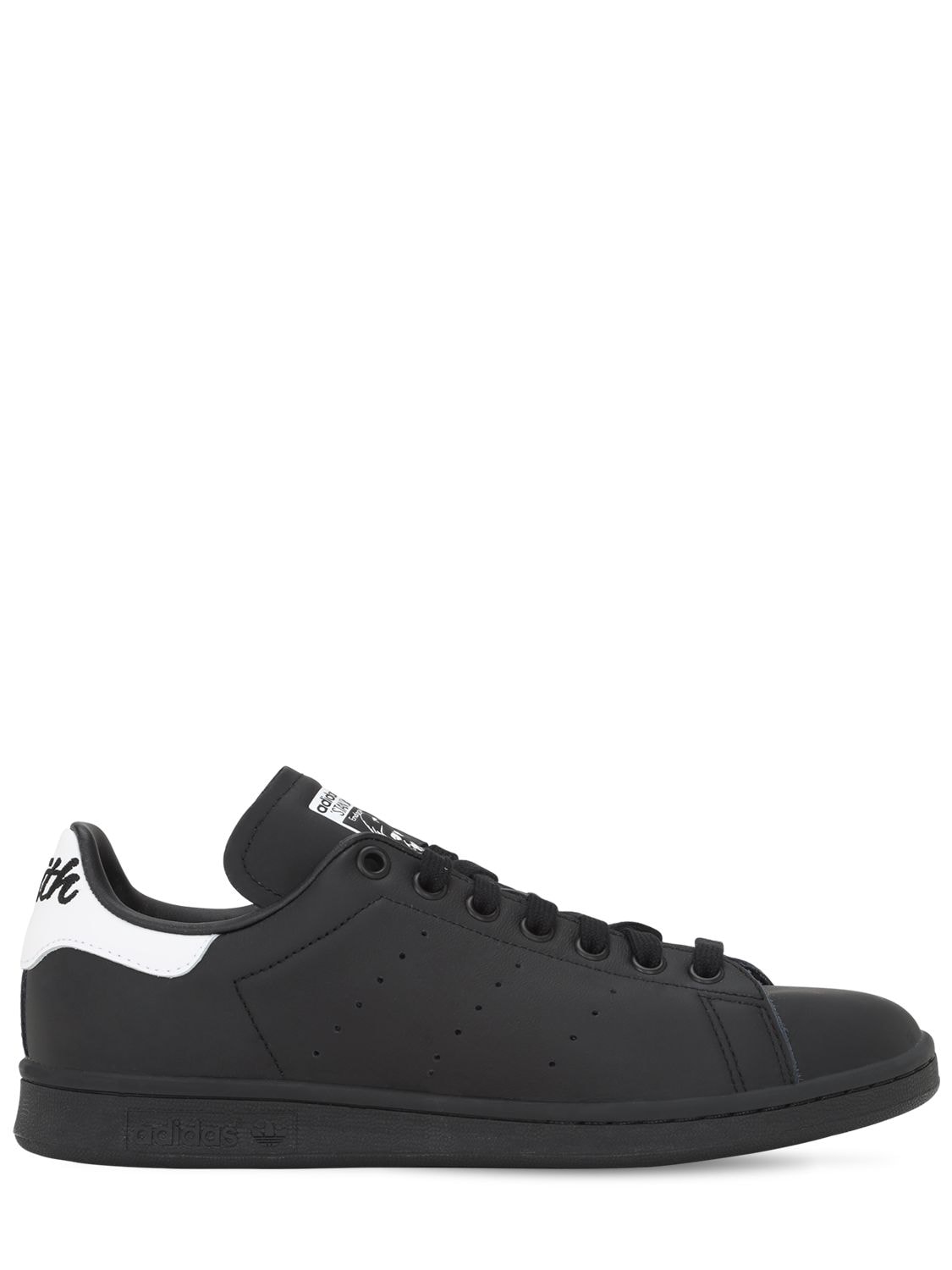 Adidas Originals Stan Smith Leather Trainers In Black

^^^^^^^^

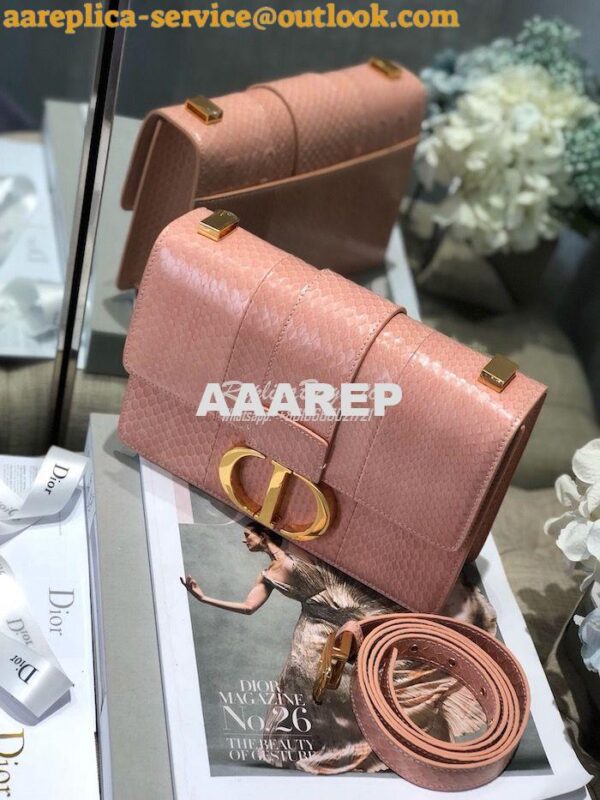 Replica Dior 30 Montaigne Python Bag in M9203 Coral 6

^^^^^^^^

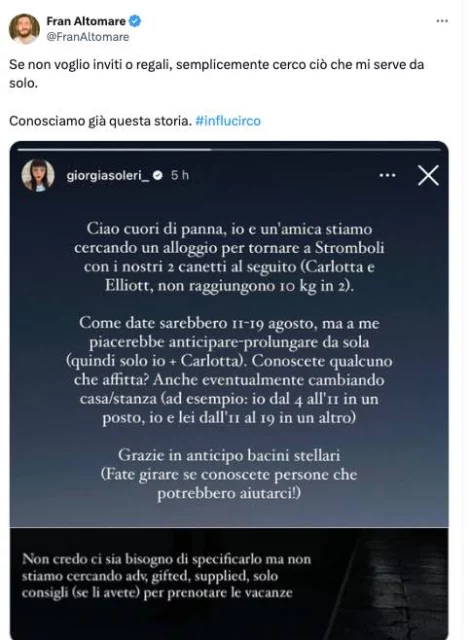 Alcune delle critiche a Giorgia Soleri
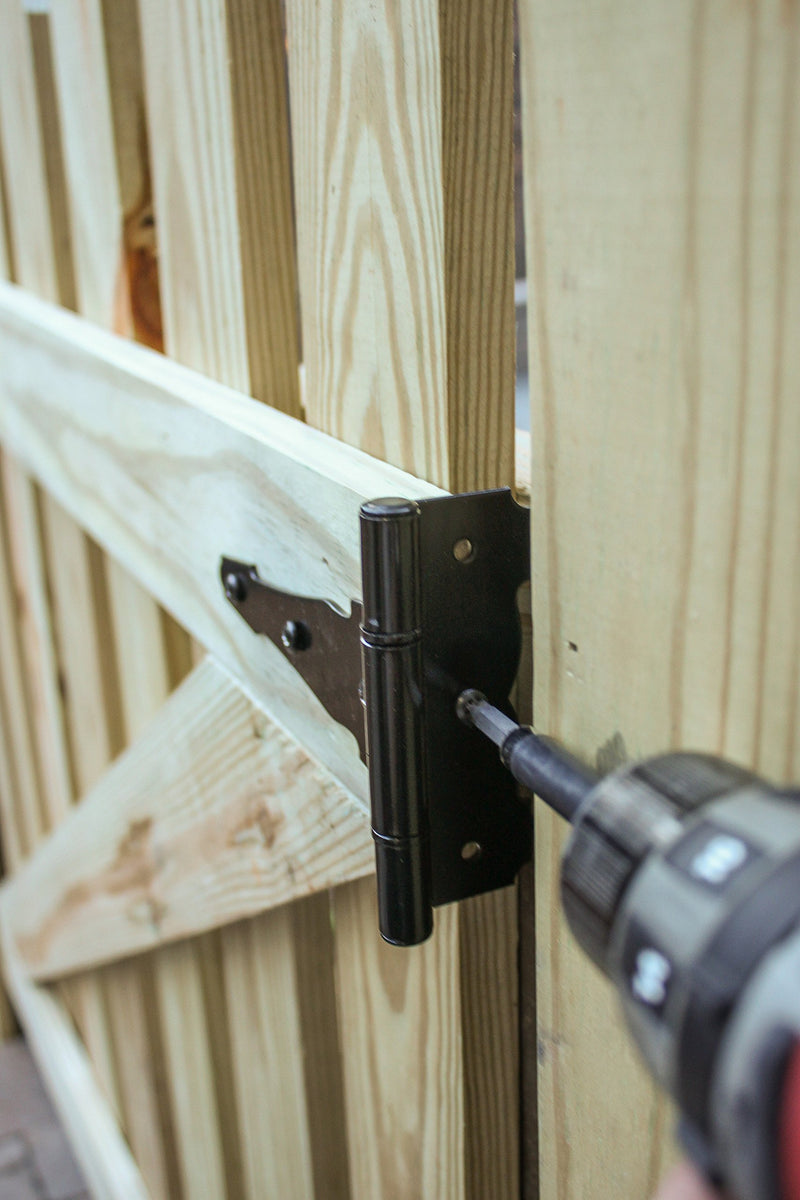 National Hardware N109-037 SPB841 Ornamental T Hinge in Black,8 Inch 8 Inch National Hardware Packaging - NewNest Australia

^^^^^^^^

**Task goal:** All that is wanted is the lines above between the one containing "Alcune delle critiche a Giorgia Soleri" and the one containing "National Hardware N109-037", inclusive, restated word for word, with pictures omitted.

**Output of the task:**
 Alcune delle critiche a Giorgia Soleri
 National Hardware N109-037 SPB841 Ornamental T Hinge in Black,8 Inch 8 Inch National Hardware Packaging - NewNest Australia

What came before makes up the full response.